Но политическую конъюнктуру Ломоносов использовал сполна и много от нее получил: и в видные идеологи вышел, и Шумахера до полусмерти запугал.

Почему это важно до сих пор, или Циклы норманизма

Удивительным образом пресловутый спор о «норманизме» не иссяк тогда же, при Ломоносове; он так и прошел через всю русскую историю ХIХ и ХХ веков. О том, откуда пришли варяги и, главное, кто такие росы-русы, спорили в середине ХIХ века и в начале ХХ, спорили в 1930-е годы и продолжают спорить теперь.

Почему?!

Да потому, что исторические мифы оказываются важными для самооценки народа, для его самоопределения. В Средние века самооценку поднимал миф прихода князя из самого возможного далека. Князь издалека? Значит, нас знают в большом мире! Примерно такая логика.

В эпоху национальных государств и романтического национализма стало важным, чтобы первый правитель был «свой» (так и хочется сказать — «такое же быдло, как и мы»).

Потому и живет пущенный Михайло Ломоносовым миф о зловредном «норманизме». Потому и верят в особую «немецкую партию» при русском дворе. Даже Ключевский не был вполне свободен от этого русского поверья. С одной стороны, он заявлял, что ему не интересны как приверженцы норманнов, так и враги норманизма, «варягоборцы». И что он становится совершенно равнодушен к сторонникам обоих крайностей, как только те «начнут уверять, что только та или другая теория освещает верным светом начало русской национальности»[96].

Но тут же в другом сочинении писал: «Так удачной ночной феерией разогнан был курляндско-брауншвейгский табор, собравшийся на берегах Невы дотрепывать верховную власть, завещанную Петром Великим своей империи, — писал такой серьезный историк, как В. О. Ключевский. — По воцарении Елизаветы, когда патриотические языки развязались, церковные проповедники с безопасной отвагой говорили, что немецкие правители превратили преобразованную Петром Россию в торговую лавку, даже в вертеп разбойников»[97].

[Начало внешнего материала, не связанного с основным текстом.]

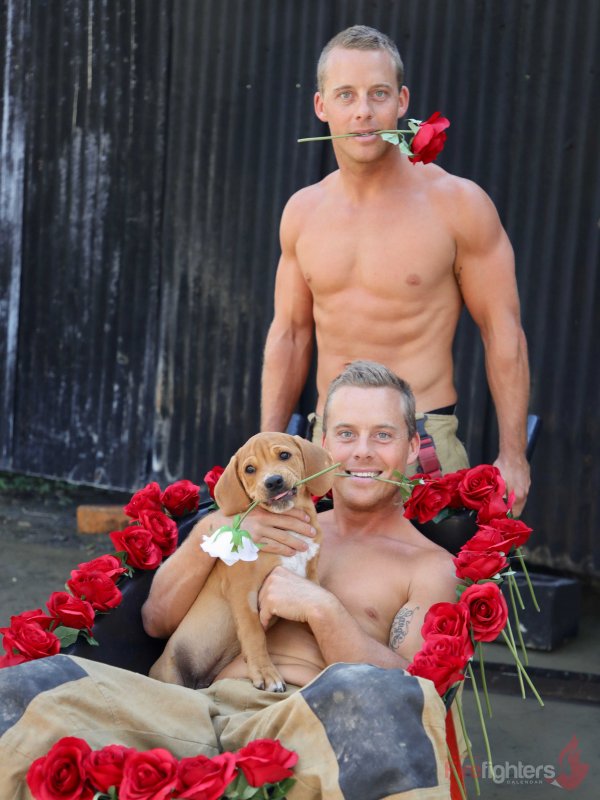 Снимка: @australianfirefighterscalendar.com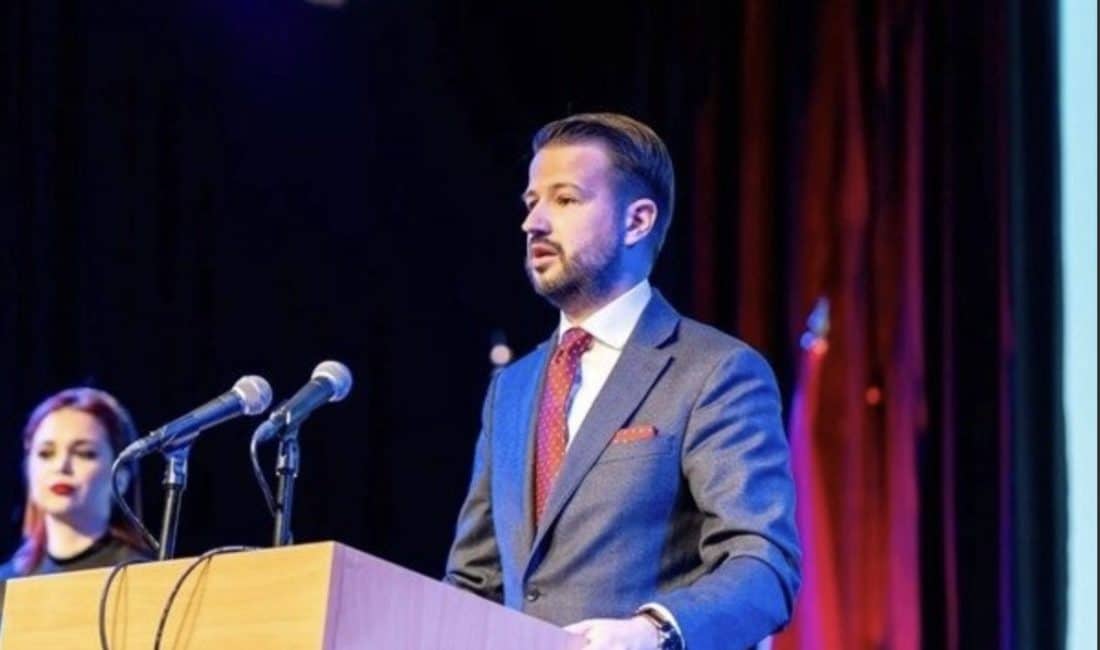 Montenegro Cumhurbaşkanı  Milatoviç, Petnjica’da yapımı devam eden ve dizel elektrik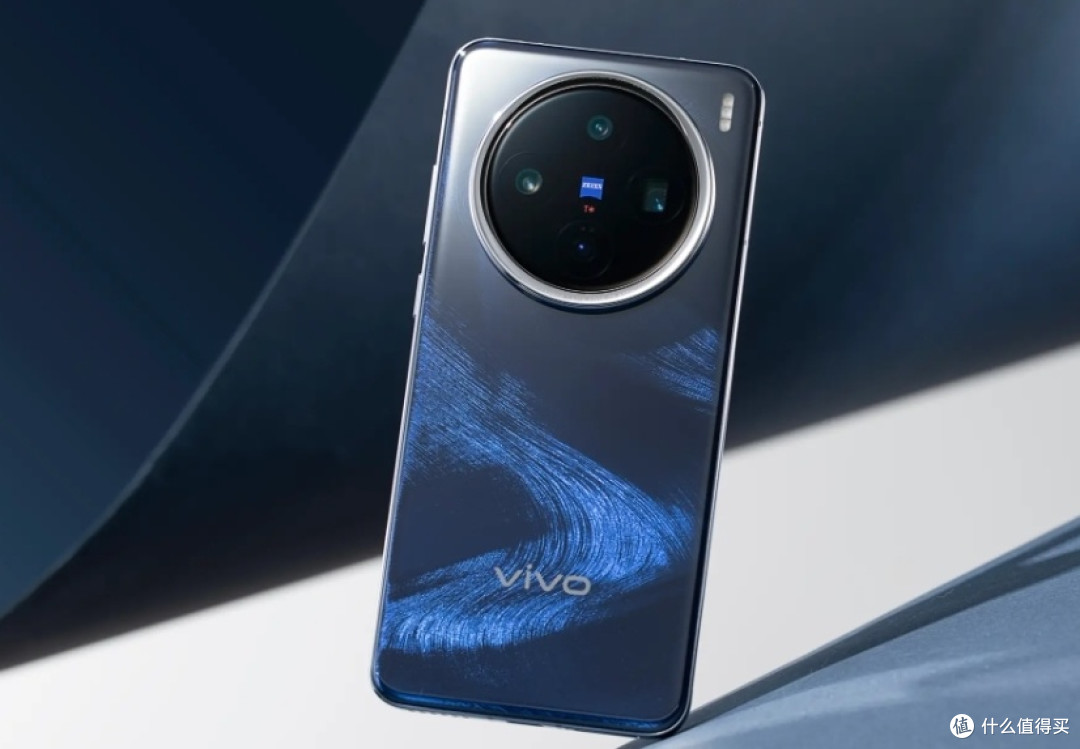 vivo果断“发飙”,12GB+256GB跌价1300元,100倍变焦+天玑9400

Только ученые следующего поколения, в ХХ веке, с облегчением констатировали: «дни варягоборчества, к счастью, прошли»[98].

Увы, времена эти еще не раз возвращались.

Наверное, обсуждение «русско-немецкого вопроса» было совершенно неизбежно уже в ХVIII веке — слишком много немцев оказалось и в управленческом аппарате, и в науке. Вопрос только, когда именно должно было произойти это обсуждение и в его формах. Формы же оказались безобразны. Сказочка о «немецкой партии» воспроизводится до сих пор, видимо, она слишком удобна. Можно совершать любые свинства и приписывать их «инородцам».